- Your goal -
Exactly reproduce the lines of the listing below from the one containing "Beige house with black shutters" through the one containing "Simplified Pineapple Paper". Skip the images.

- Supplied data -
***
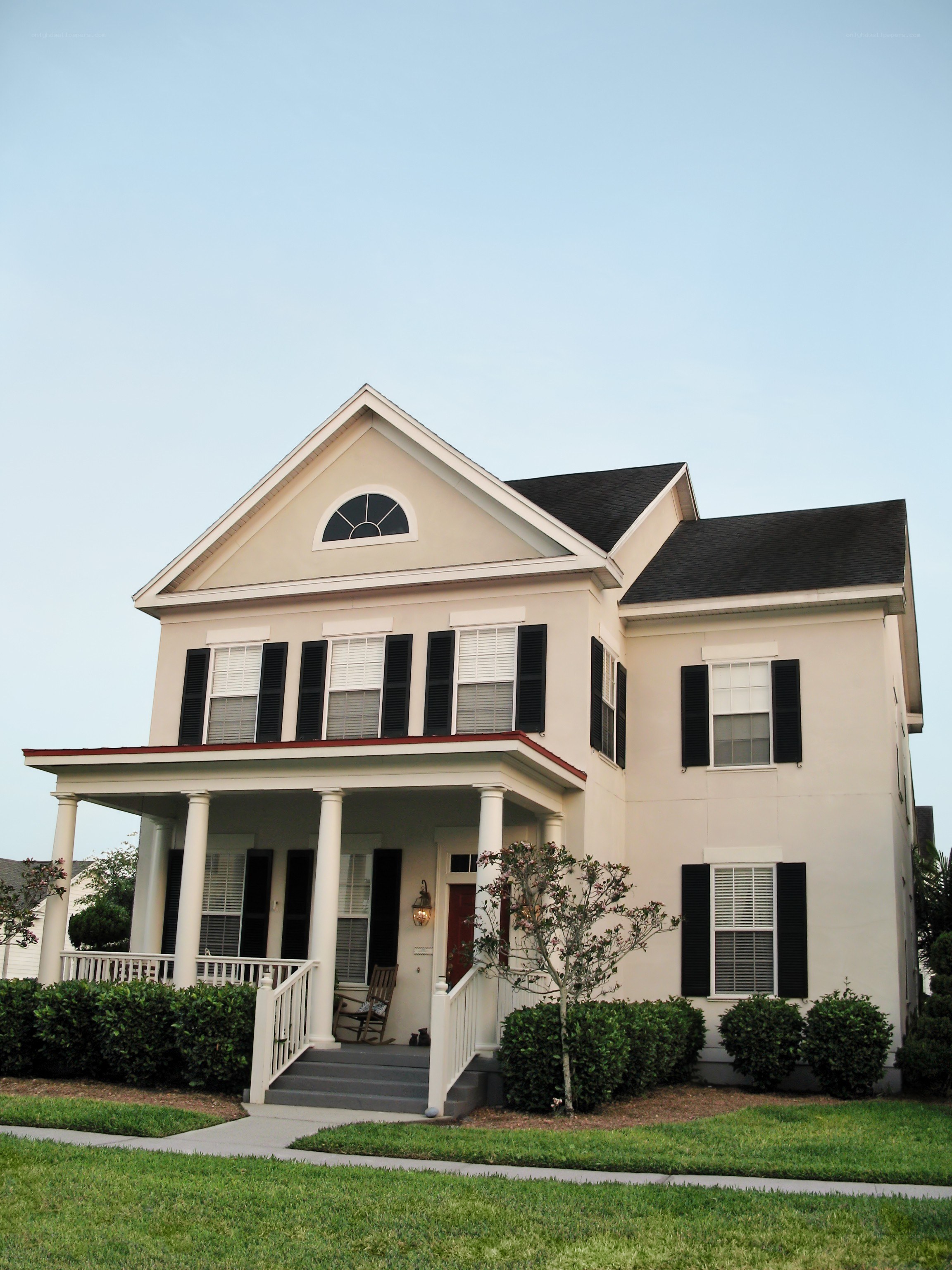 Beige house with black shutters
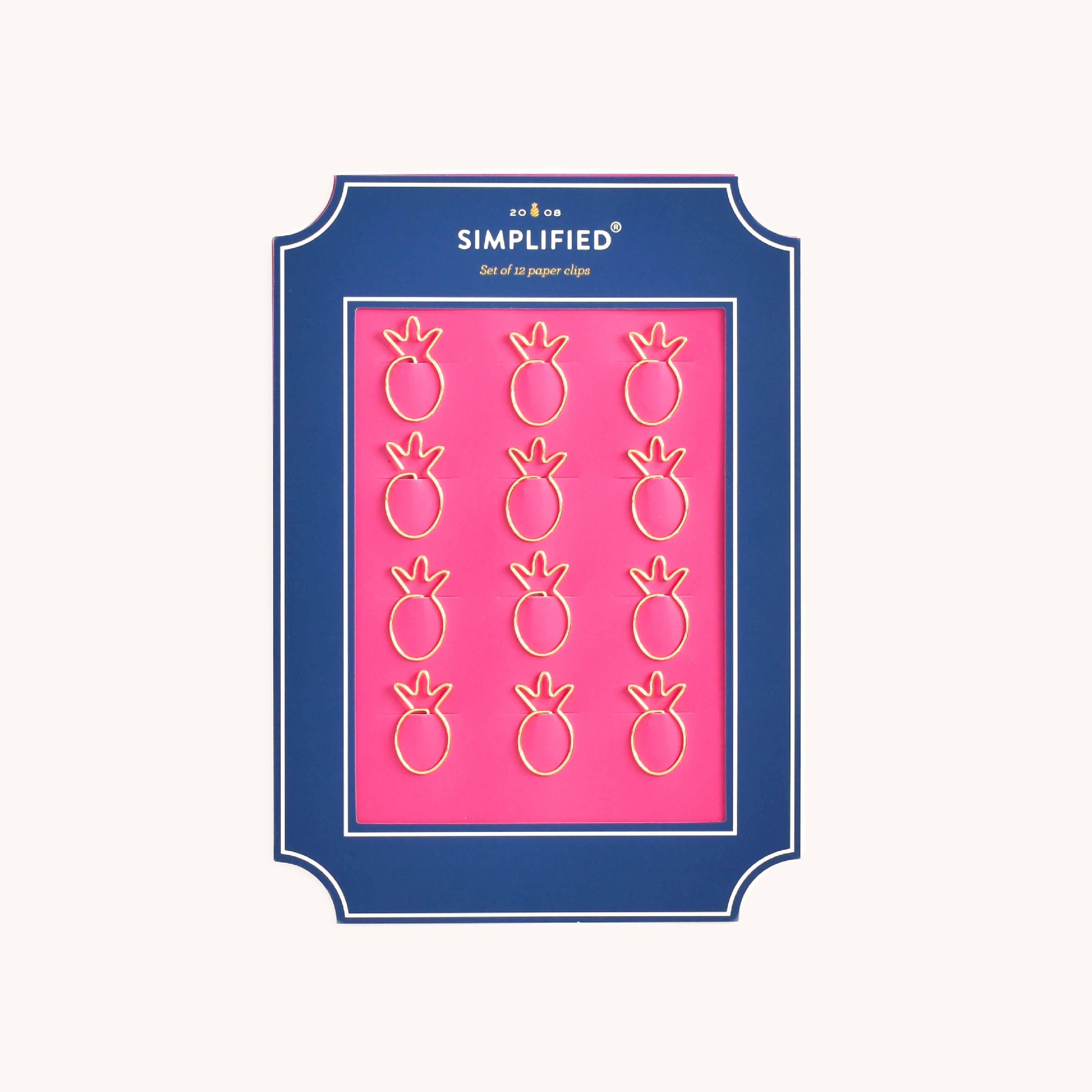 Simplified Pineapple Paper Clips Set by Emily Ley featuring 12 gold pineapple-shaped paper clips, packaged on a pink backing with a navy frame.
***
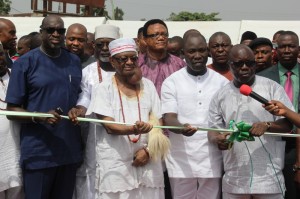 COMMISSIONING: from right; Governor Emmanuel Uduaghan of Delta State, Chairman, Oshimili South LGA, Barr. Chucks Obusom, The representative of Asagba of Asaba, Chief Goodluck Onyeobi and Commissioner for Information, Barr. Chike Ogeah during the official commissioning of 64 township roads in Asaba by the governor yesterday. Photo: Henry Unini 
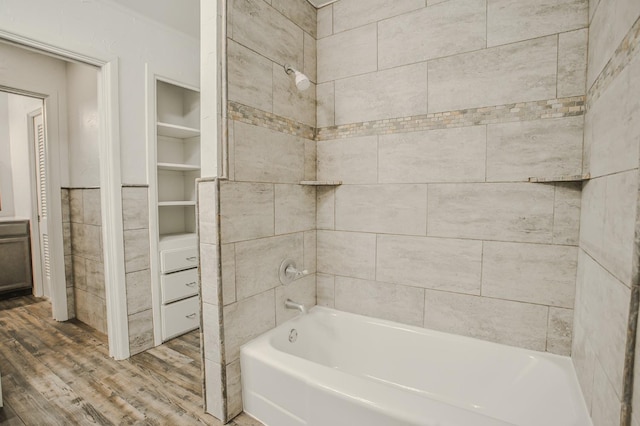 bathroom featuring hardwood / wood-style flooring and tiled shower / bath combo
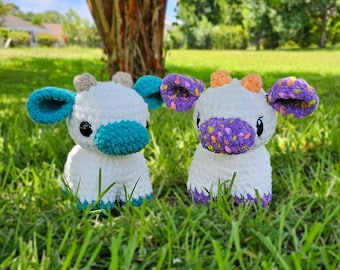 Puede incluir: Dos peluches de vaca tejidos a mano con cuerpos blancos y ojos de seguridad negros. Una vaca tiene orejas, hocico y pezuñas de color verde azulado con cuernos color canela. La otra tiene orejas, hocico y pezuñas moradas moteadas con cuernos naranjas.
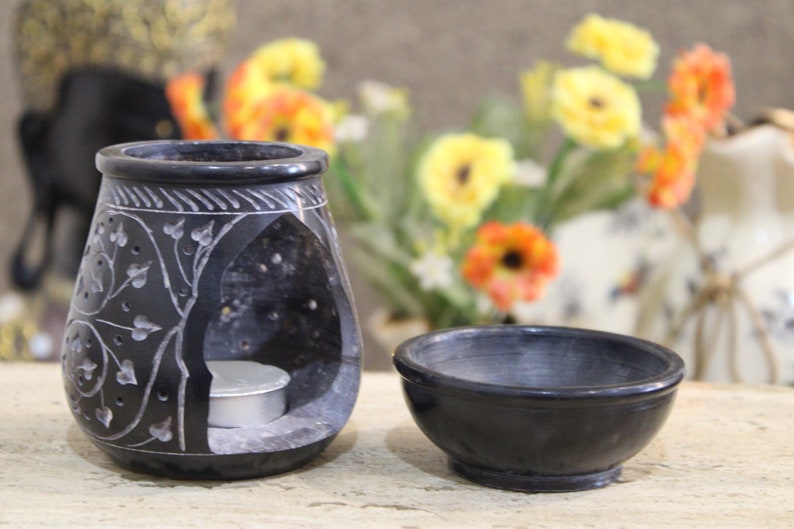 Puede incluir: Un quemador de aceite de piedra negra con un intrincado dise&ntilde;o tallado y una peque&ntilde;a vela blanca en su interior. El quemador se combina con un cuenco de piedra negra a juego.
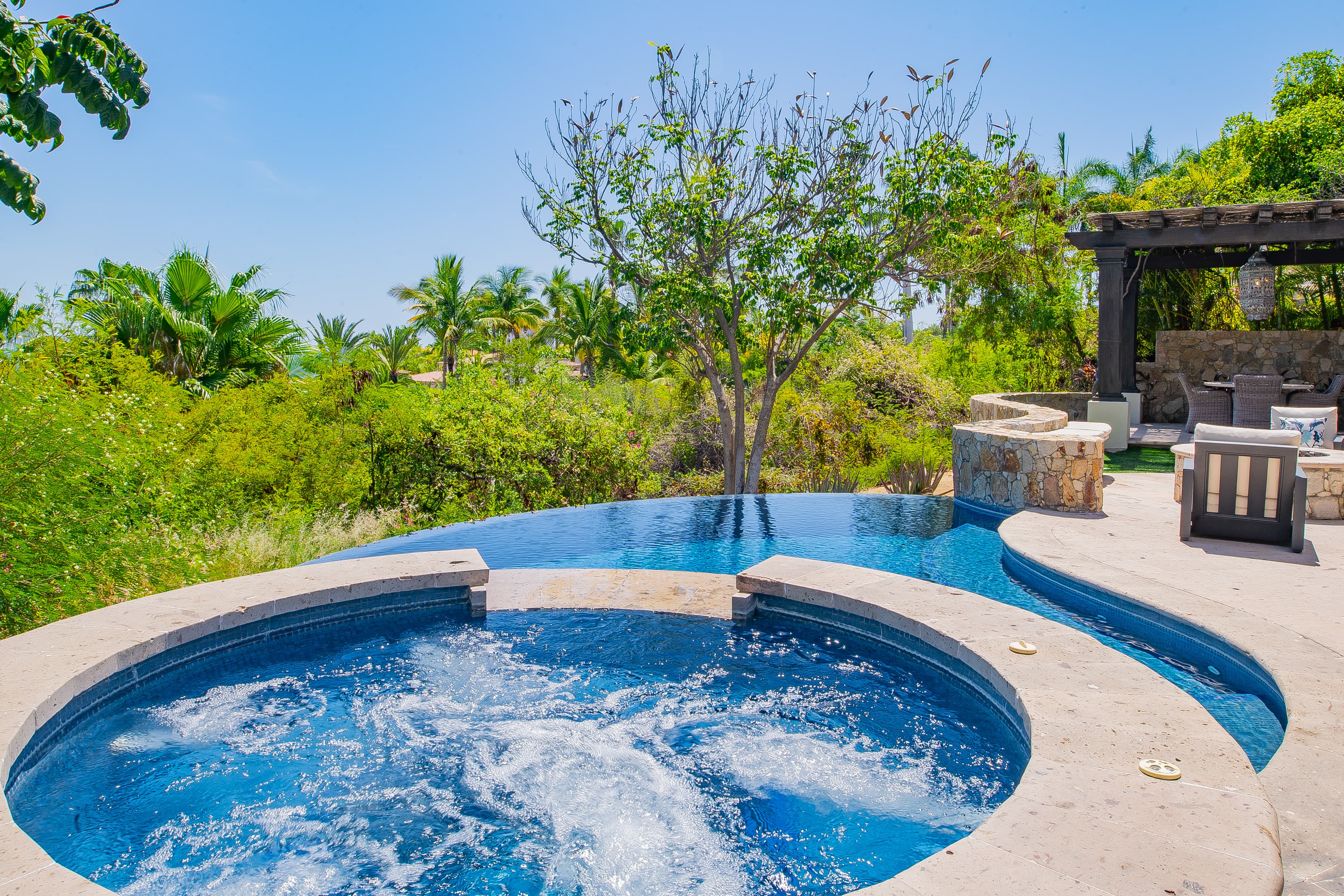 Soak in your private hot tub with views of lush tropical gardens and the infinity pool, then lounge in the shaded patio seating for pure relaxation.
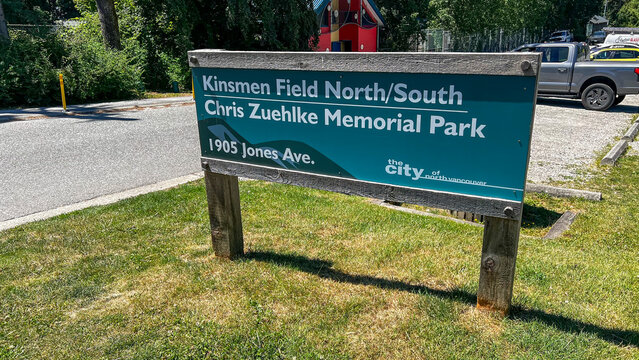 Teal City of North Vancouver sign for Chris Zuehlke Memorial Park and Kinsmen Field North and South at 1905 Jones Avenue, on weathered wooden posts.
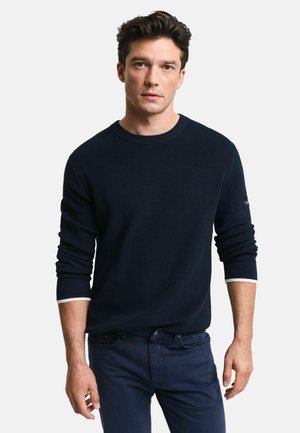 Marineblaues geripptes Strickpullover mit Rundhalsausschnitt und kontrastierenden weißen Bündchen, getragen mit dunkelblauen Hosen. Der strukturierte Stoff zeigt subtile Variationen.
***
- Answer to the exercise -
 Beige house with black shutters
 Simplified Pineapple Paper Clips Set by Emily Ley featuring 12 gold pineapple-shaped paper clips, packaged on a pink backing with a navy frame.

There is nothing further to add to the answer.